Tuesday, June 12, 2007
ABOUT BALANCE - The Twin's Quest
Here I am, in beautiful Michigan, at the apartment the Aldon Dow Creativity Center gave me. Much to say about the journey, much to say about being here and the amazing artistic resources of this place, but I feel I cannot really begin this piece, whatever it’s going to be, without telling something about the stories of Spiderwoman, the traditional stories. Even as She spins her way into many new ones, including the one that I’m going to be telling.
I’ve been reading about Spiderwoman among the Navajo traditions. (They call themselves Din`e - meaning, simply, “The People”). The Navajo for those who may not know live mostly in northern Arizona and Utah, but are themselves “newcomers” to the Southwest, having come as migratory peoples into these lands from Canada some 900 years ago. I’ve heard at least one person say their ancestors may have originally come across from Mongolia, and that they share some cultural or even language similarities. I don’t know enough about this to comment at all, although I do note that the Navajo, and the Tibetans, both create ceremonial sand paintings as Blessings - invocations and prayers.

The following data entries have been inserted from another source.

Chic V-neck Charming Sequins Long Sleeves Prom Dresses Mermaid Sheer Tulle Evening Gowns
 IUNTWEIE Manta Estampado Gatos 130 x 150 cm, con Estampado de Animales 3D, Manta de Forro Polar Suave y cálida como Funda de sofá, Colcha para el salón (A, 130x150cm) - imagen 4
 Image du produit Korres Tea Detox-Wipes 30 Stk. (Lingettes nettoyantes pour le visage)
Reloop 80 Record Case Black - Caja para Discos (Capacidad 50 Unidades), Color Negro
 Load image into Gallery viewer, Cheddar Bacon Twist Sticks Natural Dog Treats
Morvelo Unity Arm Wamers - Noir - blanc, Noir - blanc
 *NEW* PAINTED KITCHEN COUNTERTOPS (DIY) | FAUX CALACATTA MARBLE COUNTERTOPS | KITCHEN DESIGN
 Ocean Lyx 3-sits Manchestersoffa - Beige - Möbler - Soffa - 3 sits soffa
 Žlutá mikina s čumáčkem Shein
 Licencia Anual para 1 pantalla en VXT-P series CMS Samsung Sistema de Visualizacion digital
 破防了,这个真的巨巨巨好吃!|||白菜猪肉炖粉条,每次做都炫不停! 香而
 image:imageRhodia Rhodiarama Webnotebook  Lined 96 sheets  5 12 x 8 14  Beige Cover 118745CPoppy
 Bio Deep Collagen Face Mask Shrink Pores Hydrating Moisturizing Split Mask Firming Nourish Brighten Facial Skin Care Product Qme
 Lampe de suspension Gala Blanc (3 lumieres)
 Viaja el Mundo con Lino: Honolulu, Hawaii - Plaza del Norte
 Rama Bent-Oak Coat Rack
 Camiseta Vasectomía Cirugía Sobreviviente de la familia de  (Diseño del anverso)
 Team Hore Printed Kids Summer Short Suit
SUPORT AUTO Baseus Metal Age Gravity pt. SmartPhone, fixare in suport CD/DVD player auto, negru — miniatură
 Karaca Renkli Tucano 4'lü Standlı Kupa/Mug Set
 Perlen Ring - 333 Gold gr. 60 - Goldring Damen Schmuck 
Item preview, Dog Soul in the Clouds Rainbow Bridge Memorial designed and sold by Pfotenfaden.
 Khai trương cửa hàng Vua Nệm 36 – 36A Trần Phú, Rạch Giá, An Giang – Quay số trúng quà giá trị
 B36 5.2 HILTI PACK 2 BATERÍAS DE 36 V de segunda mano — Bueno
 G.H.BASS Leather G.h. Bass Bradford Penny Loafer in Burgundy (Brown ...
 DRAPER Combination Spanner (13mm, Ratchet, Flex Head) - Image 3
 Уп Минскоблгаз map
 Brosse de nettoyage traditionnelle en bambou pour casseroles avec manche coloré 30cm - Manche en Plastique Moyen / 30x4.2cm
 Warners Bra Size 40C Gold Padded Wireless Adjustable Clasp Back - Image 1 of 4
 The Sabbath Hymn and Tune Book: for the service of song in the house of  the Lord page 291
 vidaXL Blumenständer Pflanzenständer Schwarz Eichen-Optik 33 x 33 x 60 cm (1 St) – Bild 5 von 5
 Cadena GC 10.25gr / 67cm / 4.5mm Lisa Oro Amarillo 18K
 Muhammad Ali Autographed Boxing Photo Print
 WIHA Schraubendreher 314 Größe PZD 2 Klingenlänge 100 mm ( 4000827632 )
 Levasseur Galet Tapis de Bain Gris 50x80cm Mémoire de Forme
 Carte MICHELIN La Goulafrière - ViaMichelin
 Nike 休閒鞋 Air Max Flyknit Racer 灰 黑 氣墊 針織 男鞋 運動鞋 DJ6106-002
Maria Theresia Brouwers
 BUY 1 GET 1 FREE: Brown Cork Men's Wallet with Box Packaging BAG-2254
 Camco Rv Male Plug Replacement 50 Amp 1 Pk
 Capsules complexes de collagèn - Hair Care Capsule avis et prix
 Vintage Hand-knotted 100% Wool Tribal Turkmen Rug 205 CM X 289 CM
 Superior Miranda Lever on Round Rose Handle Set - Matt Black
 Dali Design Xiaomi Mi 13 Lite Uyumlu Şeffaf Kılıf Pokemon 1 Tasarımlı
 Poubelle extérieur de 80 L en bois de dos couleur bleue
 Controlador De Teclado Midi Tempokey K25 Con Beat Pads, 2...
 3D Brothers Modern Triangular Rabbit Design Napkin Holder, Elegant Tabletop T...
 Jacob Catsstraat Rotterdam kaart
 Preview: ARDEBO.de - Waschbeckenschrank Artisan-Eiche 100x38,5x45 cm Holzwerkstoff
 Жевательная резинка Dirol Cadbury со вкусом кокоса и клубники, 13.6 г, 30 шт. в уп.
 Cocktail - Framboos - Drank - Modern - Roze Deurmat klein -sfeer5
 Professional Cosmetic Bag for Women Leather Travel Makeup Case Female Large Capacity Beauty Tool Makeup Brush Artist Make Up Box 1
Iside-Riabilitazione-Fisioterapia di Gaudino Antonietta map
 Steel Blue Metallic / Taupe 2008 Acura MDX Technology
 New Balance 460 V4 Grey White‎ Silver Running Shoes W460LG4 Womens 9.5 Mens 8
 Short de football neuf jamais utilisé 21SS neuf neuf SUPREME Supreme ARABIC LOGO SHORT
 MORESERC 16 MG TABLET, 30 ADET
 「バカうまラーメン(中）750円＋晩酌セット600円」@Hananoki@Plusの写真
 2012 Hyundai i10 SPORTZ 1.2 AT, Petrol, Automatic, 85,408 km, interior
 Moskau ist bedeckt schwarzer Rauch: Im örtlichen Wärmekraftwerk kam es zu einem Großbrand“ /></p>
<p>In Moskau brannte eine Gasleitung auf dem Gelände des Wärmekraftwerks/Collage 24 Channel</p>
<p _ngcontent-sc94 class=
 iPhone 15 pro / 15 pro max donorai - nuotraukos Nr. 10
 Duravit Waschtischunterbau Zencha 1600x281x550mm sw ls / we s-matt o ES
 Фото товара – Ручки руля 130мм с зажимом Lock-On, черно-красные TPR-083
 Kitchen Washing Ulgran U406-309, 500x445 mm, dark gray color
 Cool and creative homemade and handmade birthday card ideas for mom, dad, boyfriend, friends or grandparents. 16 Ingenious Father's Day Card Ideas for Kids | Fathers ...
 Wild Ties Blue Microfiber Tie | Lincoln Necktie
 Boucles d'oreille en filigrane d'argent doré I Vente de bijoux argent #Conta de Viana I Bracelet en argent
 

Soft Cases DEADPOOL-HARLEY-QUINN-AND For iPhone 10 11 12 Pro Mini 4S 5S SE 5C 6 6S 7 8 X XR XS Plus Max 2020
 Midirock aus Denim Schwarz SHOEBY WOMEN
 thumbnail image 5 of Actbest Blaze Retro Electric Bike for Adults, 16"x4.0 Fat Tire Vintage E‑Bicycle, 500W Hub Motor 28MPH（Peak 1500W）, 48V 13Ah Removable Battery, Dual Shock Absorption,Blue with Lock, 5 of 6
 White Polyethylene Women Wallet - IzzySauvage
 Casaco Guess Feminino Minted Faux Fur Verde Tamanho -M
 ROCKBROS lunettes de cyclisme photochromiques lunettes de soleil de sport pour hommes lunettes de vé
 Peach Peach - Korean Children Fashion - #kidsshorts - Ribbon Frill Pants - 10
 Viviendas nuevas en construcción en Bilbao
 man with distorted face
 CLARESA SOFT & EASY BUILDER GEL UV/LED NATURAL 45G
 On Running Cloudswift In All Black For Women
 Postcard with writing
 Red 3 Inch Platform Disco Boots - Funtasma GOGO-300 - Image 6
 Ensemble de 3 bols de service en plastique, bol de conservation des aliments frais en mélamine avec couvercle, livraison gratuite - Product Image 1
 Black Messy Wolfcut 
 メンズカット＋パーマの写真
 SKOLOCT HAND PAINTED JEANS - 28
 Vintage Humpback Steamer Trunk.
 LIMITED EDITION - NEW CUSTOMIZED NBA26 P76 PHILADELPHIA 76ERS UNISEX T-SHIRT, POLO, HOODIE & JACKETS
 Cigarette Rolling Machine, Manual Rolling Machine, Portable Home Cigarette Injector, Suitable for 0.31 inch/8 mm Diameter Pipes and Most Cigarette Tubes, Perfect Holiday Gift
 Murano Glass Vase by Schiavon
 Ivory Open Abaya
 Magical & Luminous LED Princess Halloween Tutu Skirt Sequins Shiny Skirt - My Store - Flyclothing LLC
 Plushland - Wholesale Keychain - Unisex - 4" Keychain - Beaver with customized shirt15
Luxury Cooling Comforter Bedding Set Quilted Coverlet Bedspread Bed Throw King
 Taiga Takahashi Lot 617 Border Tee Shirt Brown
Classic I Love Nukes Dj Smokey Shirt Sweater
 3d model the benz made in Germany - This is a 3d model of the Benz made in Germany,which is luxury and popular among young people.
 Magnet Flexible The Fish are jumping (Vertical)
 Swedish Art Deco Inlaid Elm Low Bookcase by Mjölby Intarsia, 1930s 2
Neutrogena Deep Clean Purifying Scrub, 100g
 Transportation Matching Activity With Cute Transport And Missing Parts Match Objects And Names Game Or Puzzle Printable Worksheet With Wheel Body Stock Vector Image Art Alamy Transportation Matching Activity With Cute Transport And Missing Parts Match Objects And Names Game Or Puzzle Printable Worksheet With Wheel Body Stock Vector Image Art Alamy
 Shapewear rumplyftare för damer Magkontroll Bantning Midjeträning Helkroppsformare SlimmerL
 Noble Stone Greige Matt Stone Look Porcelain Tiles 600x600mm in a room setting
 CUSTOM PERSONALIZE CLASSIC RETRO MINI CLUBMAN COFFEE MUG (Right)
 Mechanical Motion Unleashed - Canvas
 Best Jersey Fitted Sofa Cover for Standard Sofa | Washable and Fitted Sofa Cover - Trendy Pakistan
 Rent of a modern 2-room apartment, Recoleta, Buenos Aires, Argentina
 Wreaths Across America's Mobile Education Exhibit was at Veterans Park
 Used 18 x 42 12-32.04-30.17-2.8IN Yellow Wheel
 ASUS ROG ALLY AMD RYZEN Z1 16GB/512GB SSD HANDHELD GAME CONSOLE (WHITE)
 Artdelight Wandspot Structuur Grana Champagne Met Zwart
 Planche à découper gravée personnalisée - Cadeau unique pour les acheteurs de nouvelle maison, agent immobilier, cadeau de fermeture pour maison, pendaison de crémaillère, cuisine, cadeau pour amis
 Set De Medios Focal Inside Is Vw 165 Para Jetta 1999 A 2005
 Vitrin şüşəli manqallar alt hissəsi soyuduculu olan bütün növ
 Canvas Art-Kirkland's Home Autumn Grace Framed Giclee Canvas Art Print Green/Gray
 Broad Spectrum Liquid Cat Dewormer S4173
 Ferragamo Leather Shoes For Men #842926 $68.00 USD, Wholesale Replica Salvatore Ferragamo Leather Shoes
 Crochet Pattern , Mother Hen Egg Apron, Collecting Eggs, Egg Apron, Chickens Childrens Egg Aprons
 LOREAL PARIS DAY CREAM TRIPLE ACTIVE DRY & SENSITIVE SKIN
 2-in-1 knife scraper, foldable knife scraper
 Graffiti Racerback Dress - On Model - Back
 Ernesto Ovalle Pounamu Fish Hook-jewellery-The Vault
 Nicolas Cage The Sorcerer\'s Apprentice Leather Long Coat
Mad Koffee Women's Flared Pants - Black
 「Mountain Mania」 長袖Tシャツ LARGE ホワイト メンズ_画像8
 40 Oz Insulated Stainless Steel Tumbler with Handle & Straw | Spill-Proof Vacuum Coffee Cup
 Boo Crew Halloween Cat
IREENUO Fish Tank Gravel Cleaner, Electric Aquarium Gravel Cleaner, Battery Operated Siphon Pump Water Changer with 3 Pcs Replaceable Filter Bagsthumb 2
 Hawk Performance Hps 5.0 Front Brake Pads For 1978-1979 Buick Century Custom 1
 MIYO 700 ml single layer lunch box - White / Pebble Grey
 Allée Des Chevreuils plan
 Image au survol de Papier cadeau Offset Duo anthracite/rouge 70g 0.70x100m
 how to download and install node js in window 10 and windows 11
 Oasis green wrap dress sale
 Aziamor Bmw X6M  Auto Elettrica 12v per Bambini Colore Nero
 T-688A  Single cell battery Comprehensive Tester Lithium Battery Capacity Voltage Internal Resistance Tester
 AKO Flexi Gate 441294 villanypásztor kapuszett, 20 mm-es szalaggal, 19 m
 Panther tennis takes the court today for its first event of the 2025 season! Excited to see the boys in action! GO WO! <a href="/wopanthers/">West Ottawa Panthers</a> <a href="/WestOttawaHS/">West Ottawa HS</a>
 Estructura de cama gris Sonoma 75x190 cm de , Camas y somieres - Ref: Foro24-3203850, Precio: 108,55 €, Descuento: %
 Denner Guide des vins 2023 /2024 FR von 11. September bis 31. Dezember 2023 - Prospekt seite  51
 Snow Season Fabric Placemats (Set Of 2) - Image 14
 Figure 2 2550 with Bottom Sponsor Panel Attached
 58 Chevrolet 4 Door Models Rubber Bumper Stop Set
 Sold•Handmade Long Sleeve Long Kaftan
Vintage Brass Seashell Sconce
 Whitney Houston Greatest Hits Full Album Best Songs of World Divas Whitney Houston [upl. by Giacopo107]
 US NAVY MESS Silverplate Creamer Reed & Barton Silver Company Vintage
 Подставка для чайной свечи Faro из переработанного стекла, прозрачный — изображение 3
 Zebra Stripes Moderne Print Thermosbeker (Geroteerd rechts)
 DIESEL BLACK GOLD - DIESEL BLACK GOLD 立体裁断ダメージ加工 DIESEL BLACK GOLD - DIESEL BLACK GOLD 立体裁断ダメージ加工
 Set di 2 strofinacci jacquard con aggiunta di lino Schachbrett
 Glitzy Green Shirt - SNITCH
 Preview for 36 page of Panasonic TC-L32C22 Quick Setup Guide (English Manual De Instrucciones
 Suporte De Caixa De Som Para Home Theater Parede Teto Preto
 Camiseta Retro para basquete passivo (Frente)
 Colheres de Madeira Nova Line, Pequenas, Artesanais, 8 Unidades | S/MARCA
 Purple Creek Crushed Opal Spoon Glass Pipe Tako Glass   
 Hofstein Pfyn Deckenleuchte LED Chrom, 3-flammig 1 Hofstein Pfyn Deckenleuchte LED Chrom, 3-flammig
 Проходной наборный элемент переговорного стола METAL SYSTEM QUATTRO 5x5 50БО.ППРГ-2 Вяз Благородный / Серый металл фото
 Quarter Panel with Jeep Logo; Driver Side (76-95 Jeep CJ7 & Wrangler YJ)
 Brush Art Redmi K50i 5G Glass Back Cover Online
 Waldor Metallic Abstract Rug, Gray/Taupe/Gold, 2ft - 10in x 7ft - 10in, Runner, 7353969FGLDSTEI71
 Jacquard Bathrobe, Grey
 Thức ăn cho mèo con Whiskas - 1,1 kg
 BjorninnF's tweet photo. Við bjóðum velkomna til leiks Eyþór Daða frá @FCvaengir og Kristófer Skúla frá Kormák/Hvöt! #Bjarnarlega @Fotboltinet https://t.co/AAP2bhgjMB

I do not presume to say that I have any great depth of understanding about the sacred traditions of the Navajo. Or any other Native American peoples, although I have participated in ceremonies with different teachers. I offer my gratitude for what little I have available to me, the threads cast my way, the people I have met, the layers of universal meaning and insight these myths, their Sacred Stories, offer all of us.
Enactments, ritual Tellings of the sacred stories, and the fourfold chants of the Navajo, are, like the Hindu Temple dance/dramas of the Balinese or the ancient "Mystery plays" of Greece and Rome, the foundations through which participants traverse certain ceremonies. Another way of putting it might be to say that they are “Ways” to travel, pathways designed to bring one back into harmony and balance. The restoration of Balance is the essence of many indigenous spiritual traditions - being “earth based“, they are about relationships - to each other, to the elements, to an extended family of beings with which one must co-inhabit and which are mutually dependent.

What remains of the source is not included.